How the mainstream press has missed the most important angle on events in
the Balkans. By Brad Macdonald 

 

On back-to-back days in December 1991, the New York Times published articles
highlighting Germany’s alarming and audacious decision to recognize and
legitimize the efforts of Slovenia and Croatia to break away from
Yugoslavia.

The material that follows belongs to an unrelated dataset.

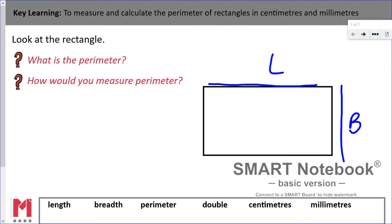Take a second or two to think about what you remember about perimeter — what perimeter is and how do we measure the perimeter of a shape. Pause the video and give yourself some thinking time. Perimeter is the total of all the sides of a shape. It gives us the distance all the way around that 2D shape, and to find that distance we need to know the length of all the sides and add them up to find their total.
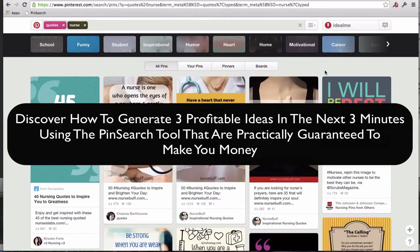Hey, Brittany Lynch here. Over the next three minutes, I'm going to show you how to use the Pin Search tool to discover three ideas that are practically guaranteed to make you money in three vastly different internet businesses — from selling t-shirts online to information marketing and even physical product ideas for Amazon or other e-commerce stores.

Both articles were refreshingly honest and held little back in
their analysis of Germany’s seminal role in the violent fragmentation of
Yugoslavia. 

In the second of those two articles, Paul Lewis cited European diplomats who
warned that Germany’s decision to support Croatia and Slovenia, despite
opposition from virtually the rest of the world, “underscored Germany’s
growing political power in the 12-nation European Community.” Germany’s
incursion into the Balkans, wrote Lewis, “has worried many in Europe who see
it as an attempt to re-exert traditional Germanic influences over this area
of the Balkans” (Dec. 16, 1991; emphasis mine throughout). 

Lewis exhibited little reticence in exposing the German undercurrent in what
was unfolding in Yugoslavia, even when it meant connecting Germany’s
decision to recognize Croatia and Slovenia in 1991 to its sordid history
with these entities during World War II. He wrote, “[I]n its unusual
assertiveness in moving ahead with a plan to extend diplomatic recognition
to the breakaway Yugoslav republics of Croatia and Slovenia, Germany has
stirred troubling historical associations …. Nazi Germany dominated the two
Yugoslav regions during World War II, absorbing Slovenia into the Third
Reich and creating a puppet regime in Croatia.” 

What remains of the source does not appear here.